Human motivation for Shaftesbury depends entirely on feeling or sentiment, not on reason or belief. He is considered to be a source for Hume’s famous view that in real life, human reason always serves human passions.

Scholars debate the extent to which Shaftesbury’s views should be considered subjectivist, and the extent to which he can be assimilated to the generally egoistic tradition of Hobbes, Locke, and the later Utilitarians. As I have noted previously, “self” has many meanings, from crude to cosmic. Shaftesbury clearly rejects what we would call selfishness, but in other passages promotes a positive view of a broader notion of self. His de-emphasis on reason is tempered by his sense of natural order and purpose in the world and his emphasis on a kind of reflection.

Kant’s emphasis on principles in ethics and his critique of subtler kinds of selfishness in spontaneous moral feeling represent a strong criticism of views like those of Shaftesbury. I think Kant sometimes goes too far in criticizing feeling, but Shaftesbury also goes too far in identifying reason with sterile abstraction. With Aristotle, I see human feeling and human reason as cooperating with one another in producing well-rounded valuations.

Identification as Valuation

It might seem as though the sort of categorial interpretation of experience and general application of concepts as practiced by Kant in the Critique of Pure Reason were a purely cognitive affair. Many older readings took it that way, and the passages I quoted from Longuenesse’s commentary don’t explicitly dispel such a notion. My very compressed comparison with Aristotle suggests a reconciliation of Aristotelian practical judgment or phronesis with Kantian judgment, but this relies on an implicit view of the unity of Kant’s thought, partially developed elsewhere. The thrust of it is to overlay the cognitive judgment of the first Critique with the teleological and aesthetic judgment of the Critique of Judgment, and then to read the ethical works in terms of that combined notion.

As a concrete example of how the kind of identification of objects dealt with in the first Critique takes on a valuational angle, Brandom cites the identification of a German by a French person as a “boche” or thick-head, a derogatory term from World War I. This immediately suggests many similar examples of prejudice about various alleged “kinds” of people. Brandom argues that even just by the criteria of logical analysis in Kant’s first Critique, the ethically objectionable “boche” and similar terms are not valid concepts at all.

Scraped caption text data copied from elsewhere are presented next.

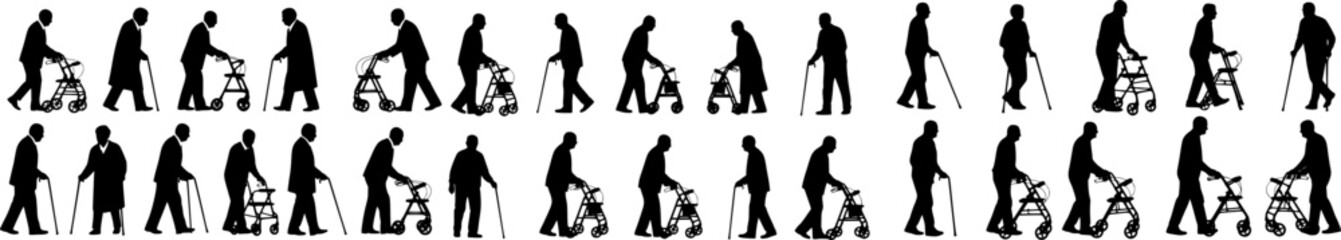 Elderly people using walking aid silhouette set collection. Senior pensioner people walking with walking aids vector silhouette.
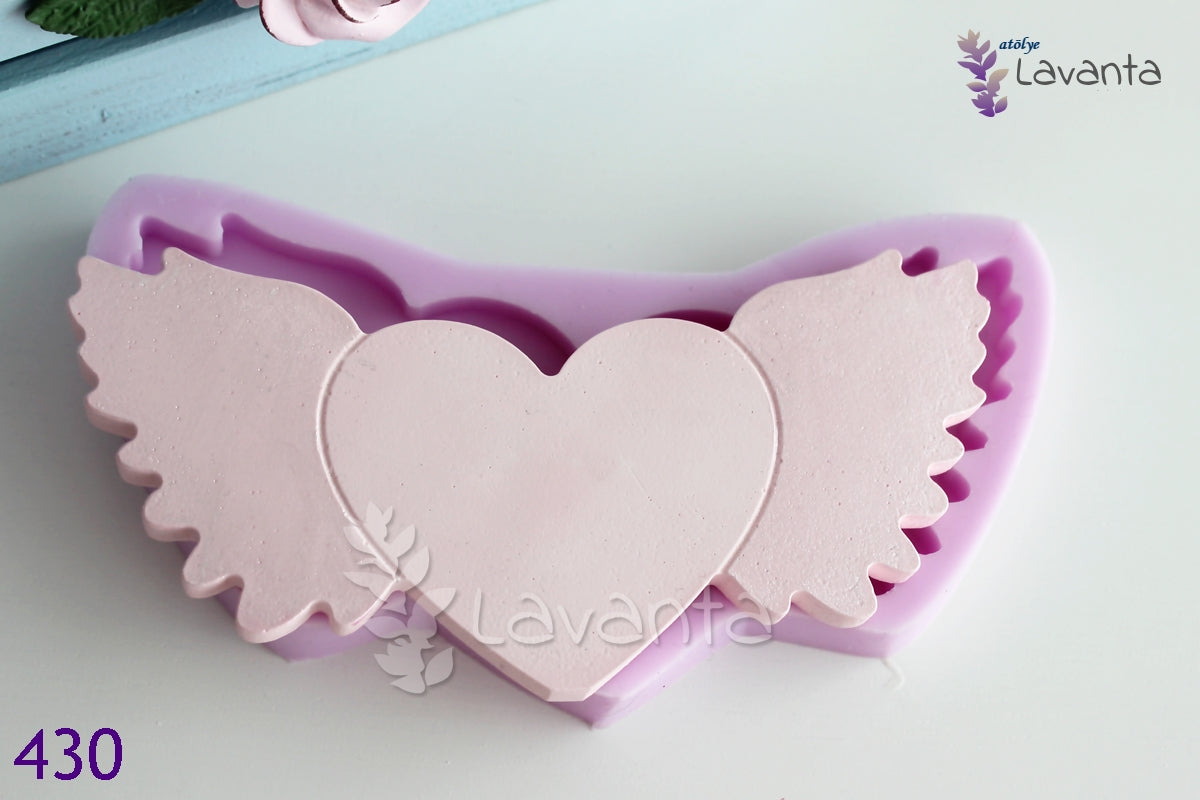 Kanatlı Kalp Tabanlık Silikon Kalıbı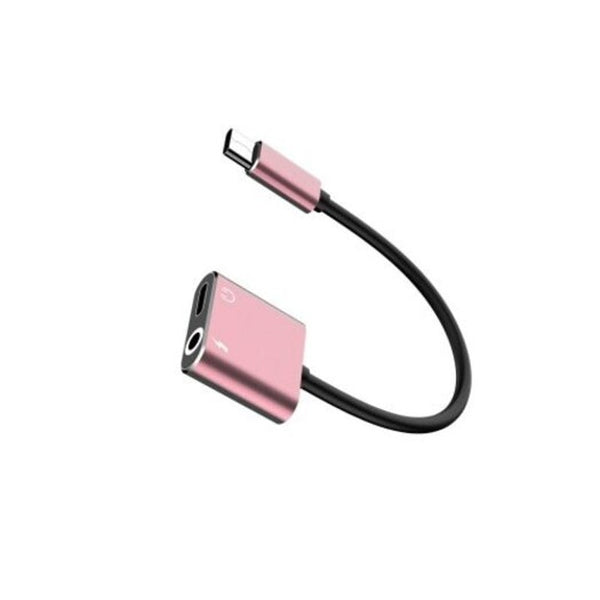 2 In 1 Type C Earphone Charging Audio Adapter Cable For Huawei Xiaomi Pig Pink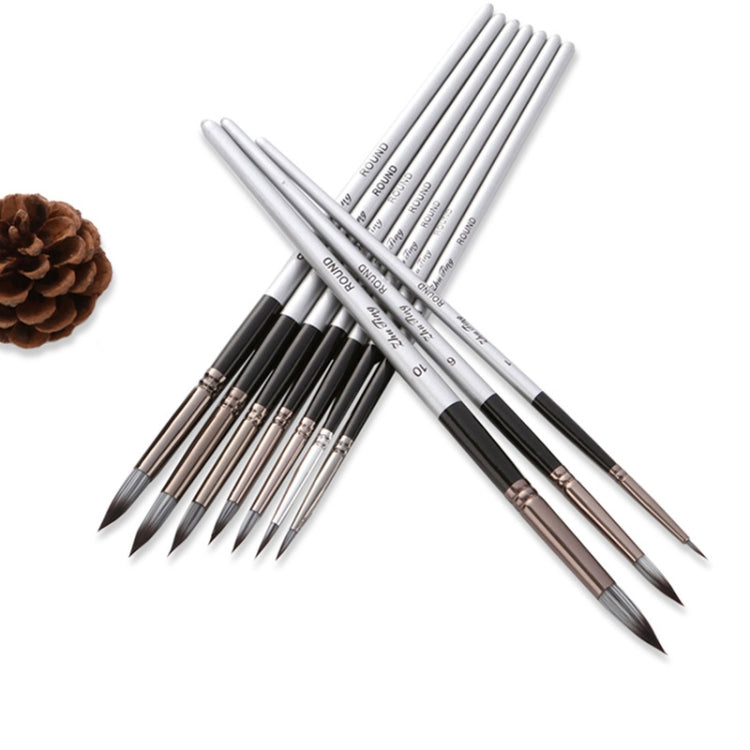 Set di pennelli per pittura ad acquerello per capelli in nylon 10 in 1 Penne per pittura acrilica a punta rotonda con manico in legno, 10 In 1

They are a kind of false conceptual “universals” that do not reflect any valid generalization, but are only possible with a sort of poor logical hygiene. This shows that such practices of identification are far from neutral. Identification is after all kind of recognition, and Fichte and especially Hegel developed the ethical consequences of this.

Even claims and classifications that are valuationally neutral in themselves can be made in bad faith for some ulterior motive, but the validity of logical operations applied to the real world implicitly presupposes the ethical criterion that we make our judgments in good faith.